Description of the task
Could you please transcribe the data exactly, without the pictures?

Collected material
§
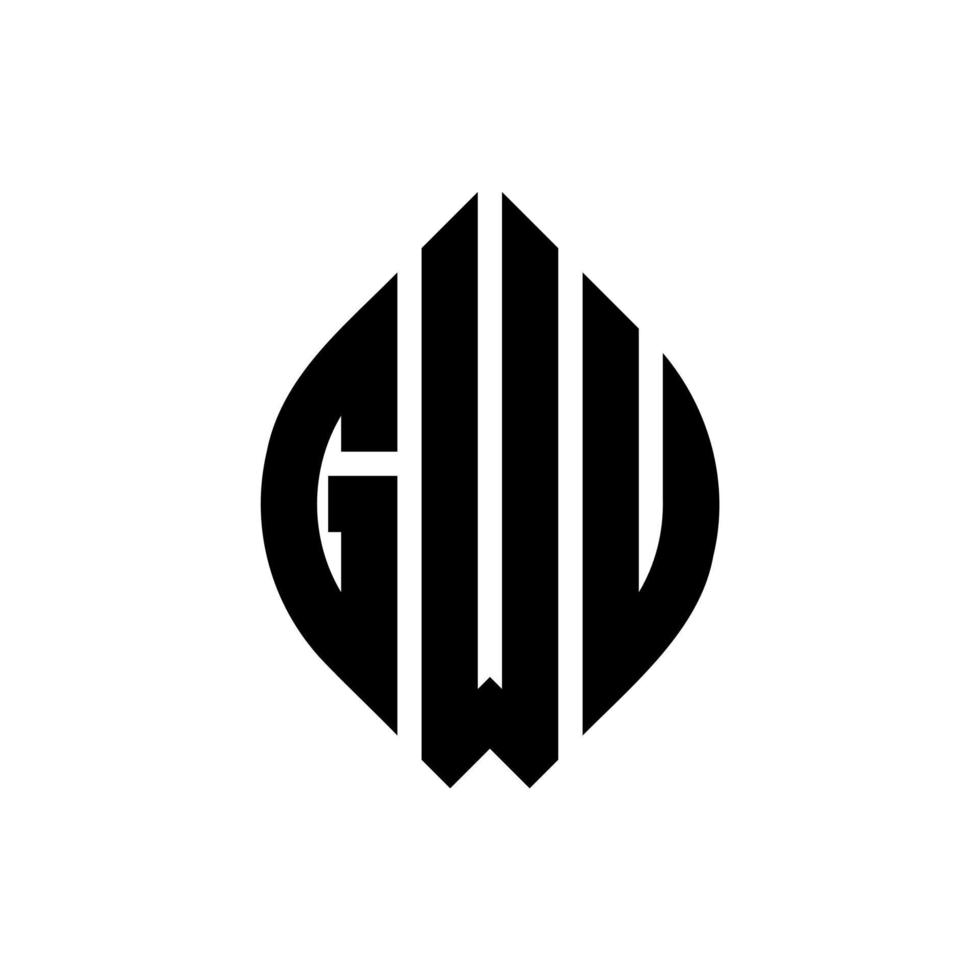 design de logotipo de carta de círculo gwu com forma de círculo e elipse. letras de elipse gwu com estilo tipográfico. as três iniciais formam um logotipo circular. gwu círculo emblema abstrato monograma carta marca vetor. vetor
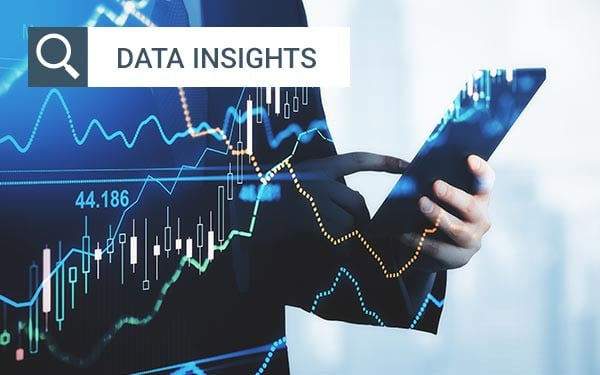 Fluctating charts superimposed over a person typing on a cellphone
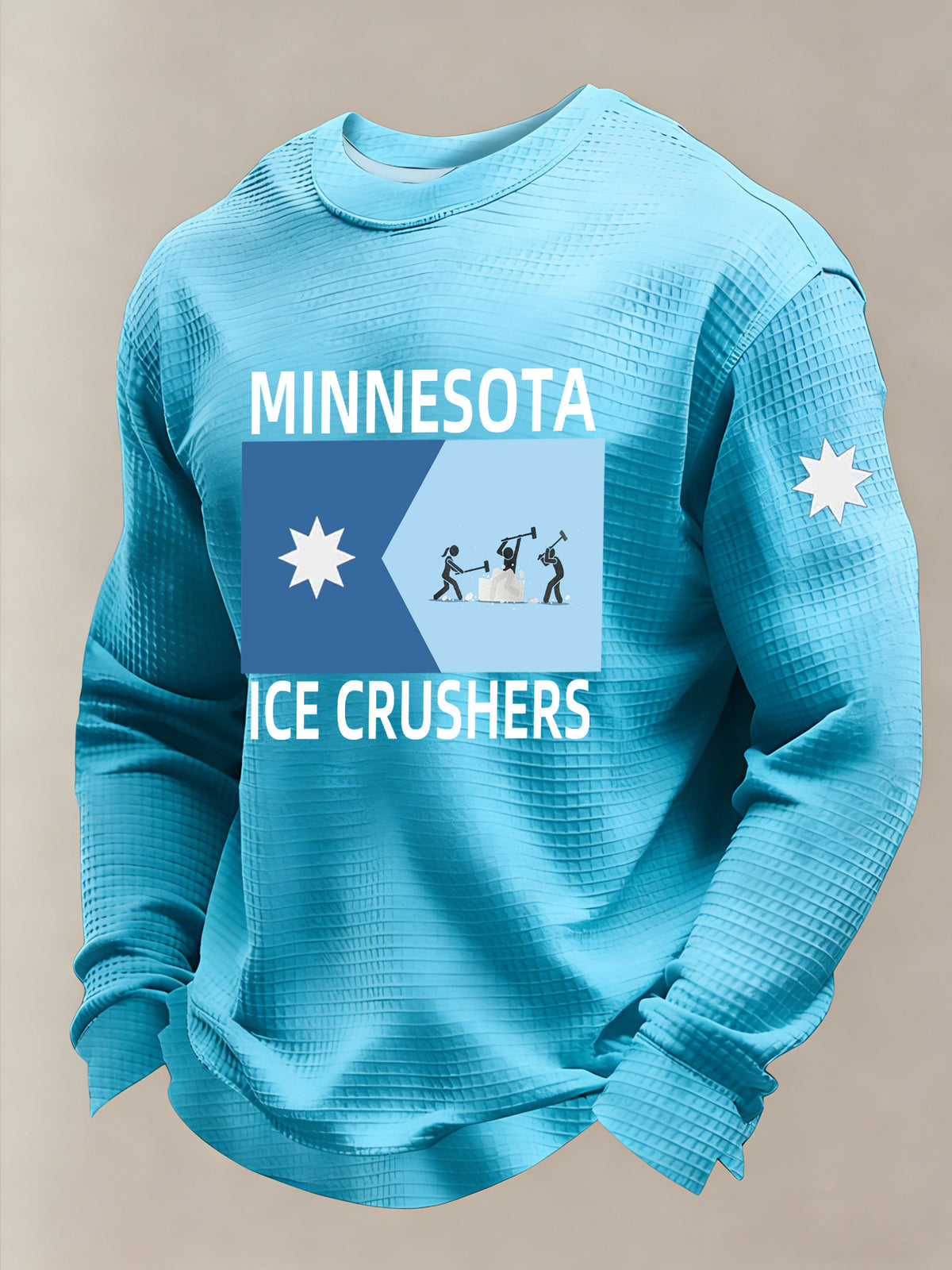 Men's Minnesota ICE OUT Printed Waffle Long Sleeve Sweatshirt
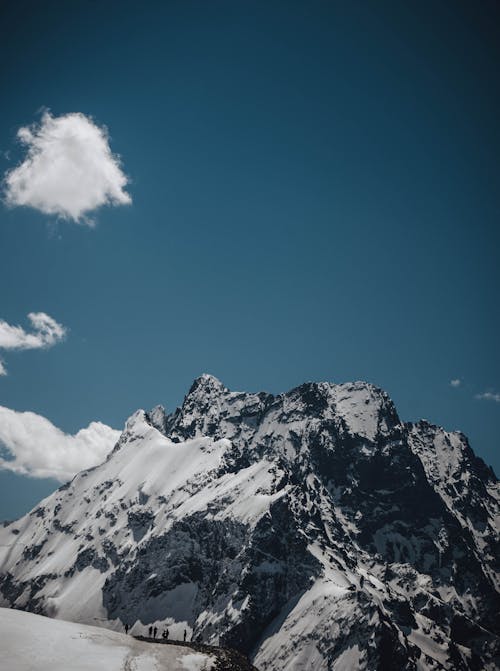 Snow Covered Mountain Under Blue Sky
§
Output for this task
 design de logotipo de carta de círculo gwu com forma de círculo e elipse. letras de elipse gwu com estilo tipográfico. as três iniciais formam um logotipo circular. gwu círculo emblema abstrato monograma carta marca vetor. vetor
 Fluctating charts superimposed over a person typing on a cellphone
 Men's Minnesota ICE OUT Printed Waffle Long Sleeve Sweatshirt
 Snow Covered Mountain Under Blue Sky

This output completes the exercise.